Friday, Feb. 03, 1961

Blow to the U.N.

The U.N. effort in the Congo was teetering on the edge of disaster.

By drawing his 20,000-man force largely from African and uncommitted Asian nations, Dag Hammarskjold had staved off the major calamity of a confrontation of the great powers in the Congo. But Hammarskjold had not reckoned with the meddling and intrigues of some of Africa's ambitious new leaders. Chief meddlers were Cairo's Nasser, Ghana's Nkrumah and Guinea's Sekou Toure, all of whom were working earnestly for Lumumba's return. In recent weeks, their troops have been openly taking sides in the Congo's internal squabble. The U.A.R.'s 510-man U.N. unit covertly assisted the pro-Lumumba forces that have taken over Eastern province and its Stanleyville capital. The U.N. troops of Guinea and Ghana obviously have been taking orders from their pro-Lumumba bosses back home. In the separatist province of Katanga, the U.N. Moroccan troops were under instructions from Rabat not to fire on anti-Tshombe forces.

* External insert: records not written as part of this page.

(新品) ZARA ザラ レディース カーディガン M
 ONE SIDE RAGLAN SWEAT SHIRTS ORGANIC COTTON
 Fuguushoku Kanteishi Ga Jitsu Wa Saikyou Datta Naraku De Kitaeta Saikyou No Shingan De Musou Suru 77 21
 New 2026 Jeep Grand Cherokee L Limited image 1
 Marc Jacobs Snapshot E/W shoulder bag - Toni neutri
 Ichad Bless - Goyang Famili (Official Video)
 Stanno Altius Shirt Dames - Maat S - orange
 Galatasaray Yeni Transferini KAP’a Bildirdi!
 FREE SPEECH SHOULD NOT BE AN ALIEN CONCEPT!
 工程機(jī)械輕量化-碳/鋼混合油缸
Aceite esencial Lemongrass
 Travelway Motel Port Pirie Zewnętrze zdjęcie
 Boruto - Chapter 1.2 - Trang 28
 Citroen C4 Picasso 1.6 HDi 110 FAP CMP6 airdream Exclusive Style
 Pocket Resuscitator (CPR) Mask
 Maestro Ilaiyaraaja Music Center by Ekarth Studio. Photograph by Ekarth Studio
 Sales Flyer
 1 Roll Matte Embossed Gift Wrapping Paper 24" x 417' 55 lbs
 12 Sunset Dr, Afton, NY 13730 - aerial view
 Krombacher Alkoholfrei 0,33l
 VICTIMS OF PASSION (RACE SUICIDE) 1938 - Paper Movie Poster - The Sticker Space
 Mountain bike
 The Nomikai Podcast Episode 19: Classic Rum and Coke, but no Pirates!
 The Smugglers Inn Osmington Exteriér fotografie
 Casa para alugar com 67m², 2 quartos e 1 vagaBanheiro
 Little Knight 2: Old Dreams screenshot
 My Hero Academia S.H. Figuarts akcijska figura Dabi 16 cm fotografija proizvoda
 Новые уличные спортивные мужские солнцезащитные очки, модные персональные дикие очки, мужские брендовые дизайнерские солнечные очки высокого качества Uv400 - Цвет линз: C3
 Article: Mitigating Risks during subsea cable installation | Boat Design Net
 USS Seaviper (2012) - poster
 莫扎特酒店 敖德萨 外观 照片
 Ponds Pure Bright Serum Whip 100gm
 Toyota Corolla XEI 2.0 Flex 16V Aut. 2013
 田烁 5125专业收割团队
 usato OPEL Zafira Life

Last week the U.N. force was subjected to the worst threat yet. The U.A.R., Guinea and Morocco announced that they were withdrawing most of their troops, and Indonesia declared that it was also pulling out its 1,145 men. Overall, this meant a loss of one-fourth of the U.N.'s manpower. The withdrawals would clearly favor the pro-Lumumba rebels already in control of more than 30% of northern and eastern Congo, and anxious to extend their influence once the U.N. roadblocks disappear. In Stanleyville, Antoine Gizenga's pro-Lumumba forces held 300 hostages, prepared to shoot them if Lumumba should die in his Katanga jail; Gizenga now was getting regular arms shipments from Cairo, trucked in overland via the Sudan. To the south, Lumumbaman Anicet Kashamura clung to Kivu province, where his troops stole cars and gasoline from white businessmen. Eight hapless Belgian soldiers, captured after they had wandered across the border from the protectorate of Ruanda-Urundi, were forced to kneel and submit to public beating (see cut).

In Manhattan, the U.N.'s Hammarskjold sent cable after cable pleading for troop contributions from Mexico, Iraq, Iran and India, but got solid pledges from nobody. The new U.N. Congo Commander, Ireland's Lieut. General Sean McKeown, warned that the present 20,000-man force was the "bare minimum requirement" to prevent civil war. At week's end Hammarskjold gloomily informed the Security Council that unless replacement troops were forthcoming, he might have to propose "liquidation of the force, and in consequence, the entire United Nations Congo operation."

As the Congo situation worsened, the U.S. was grimly aware that present U.N. policies seemed to be promoting neither Western interests nor Congolese peace. But the U.S. has loyally done what it could, and obliged whenever its help was asked. Last week President Kennedy announced that the U.S. was rushing rice, corn, dried milk and other foodstuffs from U.S. surplus stocks to help feed 300,000 homeless Baluba tribesmen starving in remote Kasai province. Orders crackled from U.S. Air Force European headquarters in Wiesbaden, and an urgent airlift headed south. U.S. planes stopped at Nairobi, Salisbury and the Cameroun city of Garoua, picked up food pledged by other governments. On the way back, the planes would help haul out the Moroccan, U.A.R. and Guinean troops that the dissident politicians of Africa had ordered home.